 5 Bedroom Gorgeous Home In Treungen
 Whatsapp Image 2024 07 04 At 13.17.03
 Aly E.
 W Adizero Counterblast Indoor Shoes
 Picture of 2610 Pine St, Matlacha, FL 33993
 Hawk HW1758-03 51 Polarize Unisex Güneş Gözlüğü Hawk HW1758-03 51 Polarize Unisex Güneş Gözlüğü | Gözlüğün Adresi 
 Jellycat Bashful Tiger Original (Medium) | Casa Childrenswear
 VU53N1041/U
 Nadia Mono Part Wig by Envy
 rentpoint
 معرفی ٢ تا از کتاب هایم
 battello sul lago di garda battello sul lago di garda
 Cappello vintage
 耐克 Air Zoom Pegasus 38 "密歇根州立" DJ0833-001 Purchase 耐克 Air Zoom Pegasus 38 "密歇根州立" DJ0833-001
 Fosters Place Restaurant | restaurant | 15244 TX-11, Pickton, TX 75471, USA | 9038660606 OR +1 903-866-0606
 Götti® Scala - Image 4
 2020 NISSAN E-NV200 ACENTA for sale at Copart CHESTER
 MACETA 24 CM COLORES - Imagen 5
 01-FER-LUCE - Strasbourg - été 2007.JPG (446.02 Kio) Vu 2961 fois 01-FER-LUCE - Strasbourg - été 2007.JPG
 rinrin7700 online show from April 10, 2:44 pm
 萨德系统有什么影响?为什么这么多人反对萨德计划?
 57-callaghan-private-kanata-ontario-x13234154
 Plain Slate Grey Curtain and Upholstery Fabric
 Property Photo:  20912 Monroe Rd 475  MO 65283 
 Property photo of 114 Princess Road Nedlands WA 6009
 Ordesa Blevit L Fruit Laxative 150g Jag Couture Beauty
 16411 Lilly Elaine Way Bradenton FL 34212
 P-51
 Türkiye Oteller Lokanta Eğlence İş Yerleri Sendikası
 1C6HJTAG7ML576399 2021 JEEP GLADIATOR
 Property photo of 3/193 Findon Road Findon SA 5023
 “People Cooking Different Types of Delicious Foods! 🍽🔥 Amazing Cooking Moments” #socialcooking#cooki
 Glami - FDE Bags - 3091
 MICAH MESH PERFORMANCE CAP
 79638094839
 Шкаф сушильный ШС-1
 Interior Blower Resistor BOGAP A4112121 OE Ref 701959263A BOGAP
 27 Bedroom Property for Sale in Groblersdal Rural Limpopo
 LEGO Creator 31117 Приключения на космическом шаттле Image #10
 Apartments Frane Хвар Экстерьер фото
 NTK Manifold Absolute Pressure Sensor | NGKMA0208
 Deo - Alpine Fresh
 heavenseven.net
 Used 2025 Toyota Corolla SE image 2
+ + + + + + +
* _Exercise details_: Of the lines above, extract only those from the line with "Nadia Mono Part Wig by Envy" to the line with "NTK Manifold Absolute", both included, exactly as written.

* _Output of the exercise_:
 Nadia Mono Part Wig by Envy
 rentpoint
 معرفی ٢ تا از کتاب هایم
 battello sul lago di garda battello sul lago di garda
 Cappello vintage
 耐克 Air Zoom Pegasus 38 "密歇根州立" DJ0833-001 Purchase 耐克 Air Zoom Pegasus 38 "密歇根州立" DJ0833-001
 Fosters Place Restaurant | restaurant | 15244 TX-11, Pickton, TX 75471, USA | 9038660606 OR +1 903-866-0606
 Götti® Scala - Image 4
 2020 NISSAN E-NV200 ACENTA for sale at Copart CHESTER
 MACETA 24 CM COLORES - Imagen 5
 01-FER-LUCE - Strasbourg - été 2007.JPG (446.02 Kio) Vu 2961 fois 01-FER-LUCE - Strasbourg - été 2007.JPG
 rinrin7700 online show from April 10, 2:44 pm
 萨德系统有什么影响?为什么这么多人反对萨德计划?
 57-callaghan-private-kanata-ontario-x13234154
 Plain Slate Grey Curtain and Upholstery Fabric
 Property Photo:  20912 Monroe Rd 475  MO 65283 
 Property photo of 114 Princess Road Nedlands WA 6009
 Ordesa Blevit L Fruit Laxative 150g Jag Couture Beauty
 16411 Lilly Elaine Way Bradenton FL 34212
 P-51
 Türkiye Oteller Lokanta Eğlence İş Yerleri Sendikası
 1C6HJTAG7ML576399 2021 JEEP GLADIATOR
 Property photo of 3/193 Findon Road Findon SA 5023
 “People Cooking Different Types of Delicious Foods! 🍽🔥 Amazing Cooking Moments” #socialcooking#cooki
 Glami - FDE Bags - 3091
 MICAH MESH PERFORMANCE CAP
 79638094839
 Шкаф сушильный ШС-1
 Interior Blower Resistor BOGAP A4112121 OE Ref 701959263A BOGAP
 27 Bedroom Property for Sale in Groblersdal Rural Limpopo
 LEGO Creator 31117 Приключения на космическом шаттле Image #10
 Apartments Frane Хвар Экстерьер фото
 NTK Manifold Absolute Pressure Sensor | NGKMA0208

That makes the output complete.